__Task prompt__:
Everything in the listing must be repeated exactly, apart from the images.

__Data provided__:
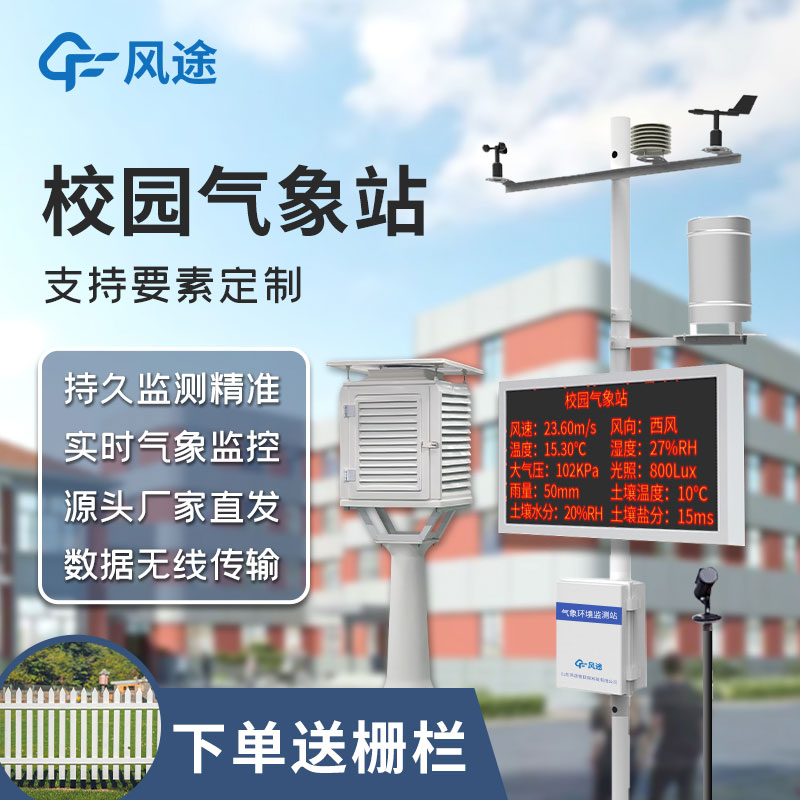 校園氣象站具有哪些功能？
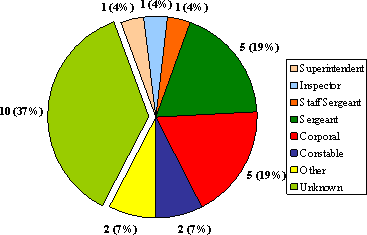 "C" Division: Number of Complaints by Member Rank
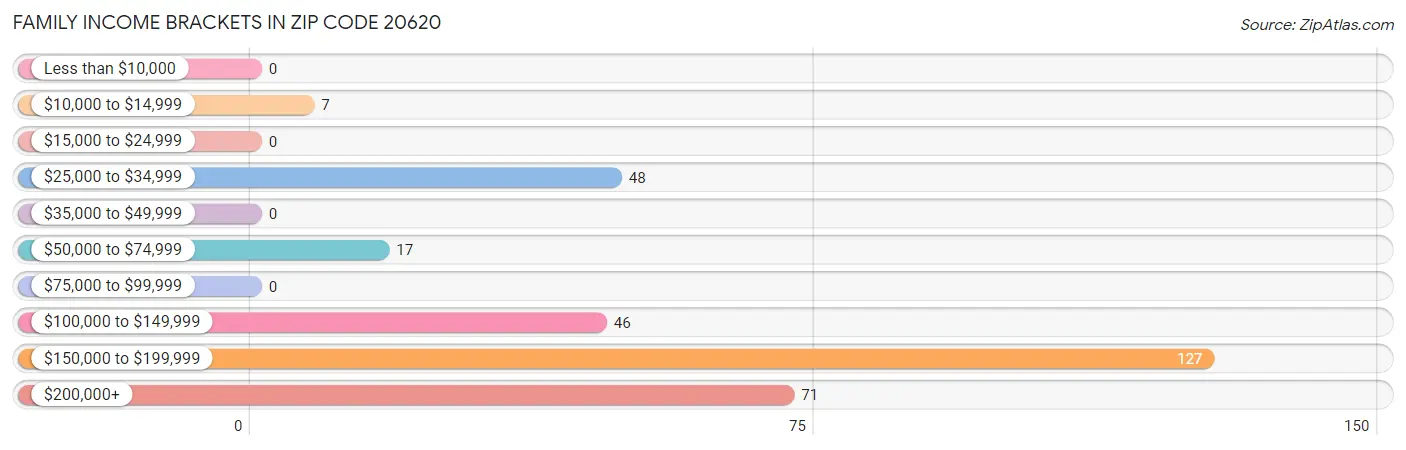 Family Income Brackets in Zip Code 20620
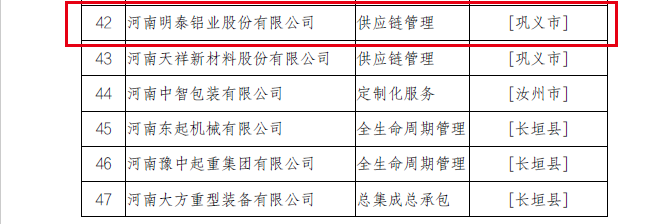 2022年河南省服務(wù)型制造示范企業(yè)（平臺、項(xiàng)目）擬確定名單公示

__Exercise response__:
 校園氣象站具有哪些功能？
 "C" Division: Number of Complaints by Member Rank
 Family Income Brackets in Zip Code 20620
 2022年河南省服務(wù)型制造示范企業(yè)（平臺、項(xiàng)目）擬確定名單公示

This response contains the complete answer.